Baal
Frederick Verinder: My Neighbor's
Landmark: Short Studies in Bible Land Laws (1911) — Chapter 3: The
Meaning of the Landmark
§ 1. THE Hebrew history tells us that the Law was promulgated in the
wilderness at a time when the Israelites had as yet no land of their own to
dwell in. Their wanderings at last brought them to the borders of the land
of Canaan, and within sight of the fulfilment of the promise made to the founder
of their race, the Chaldæan sheikh, Abraham. But they found the country
already in possession of a number of tribes — the oft-mentioned "Hittites,
Amorites, Canaanites, Perizzites, Hivites, Jebusites," etc. — entrenched
in their hill-fortresses. Moses was dead, having only seen the promised land
from afar, from Mount Nebo. But Joshua, his appointed successor, led the nation
in arms against the peoples of Canaan. The country to the east of the Jordan
had, indeed, been already conquered, and allotted to the pastoral tribes of
Reuben and Gad, and the "half-tribe" of Manasseh, on condition that
the warriors of those tribes assisted the rest of the nation also to win its
inheritance. Then followed a ruthless war of extermination against the peoples
in possession. With a view to striking terror into their foes, Joshua took
and burnt Jericho, utterly exterminating its inhabitants, and placing the rebuilding
of the city under a ban. One after another, Canaanite strongholds were carried
by assault, looted, and their inhabitants put to the sword. The Gibeonites,
crafty in diplomacy, saved themselves from the general massacre by entrapping
the Israelites into an alliance; but, although their lives were spared, their
deceit was punished by reducing them to a servile condition. The remnant of
the inhabitants, who could only be conquered gradually, were in later times "put
to tribute."
§ 2. The Hebrew view of the war of conquest is well expressed by one
of the later writers—
"For it was Thy will to destroy by the hands of our fathers both those
old inhabitants of Thy holy land, whom Thou hatedst for doing most odious
works of witchcrafts, and wicked sacrifices; and also those merciless murderers
of
children, and devourers of man's flesh, and the feasts of blood, with their
priests out of the midst of their idolatrous crew, and the parents, that
killed with their own hands souls destitute of help; that the land, which
Thou esteemedst
above all other, might receive a worthy colony of God's children."

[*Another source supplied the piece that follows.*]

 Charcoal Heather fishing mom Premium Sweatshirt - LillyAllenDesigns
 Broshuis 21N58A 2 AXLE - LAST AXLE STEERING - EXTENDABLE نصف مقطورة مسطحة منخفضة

§ 3. Not only the sacrifice of children, but also the degradation of
both men and women, seem to have been inseparable from the obscene ritual with
which
the local Baals were worshipped. It is only when one realises
that the sins which have linked the memory of Sodom and Gomorrah with undying
infamy were
part of the religious rites of the Hebrews' heretic neighbors, that it
is possible to understand the savage hatred with which the Hebrew lawgivers
and reformers
assailed the idolatry which came so near, in their eyes, to being the unpardonable
sin. It brought in its wake "red ruin and the breaking up of laws." It
was more than a rival cult; it was the negation of moral and social order.
There was no remedy for it but the extermination of all its professors. The
Israelites conceived themselves as the instruments chosen and used by Jehovah
to this end. "Conduct, character, is the one end of the Mosaic system.
The heathen — the Canaanite nations especially — are punished
not for false belief, but for vile actions."
But behind the mission, there
always lurked the question, Quis custodiet
ipsos custodes? ["Who shall watch the watchers themselves?" ]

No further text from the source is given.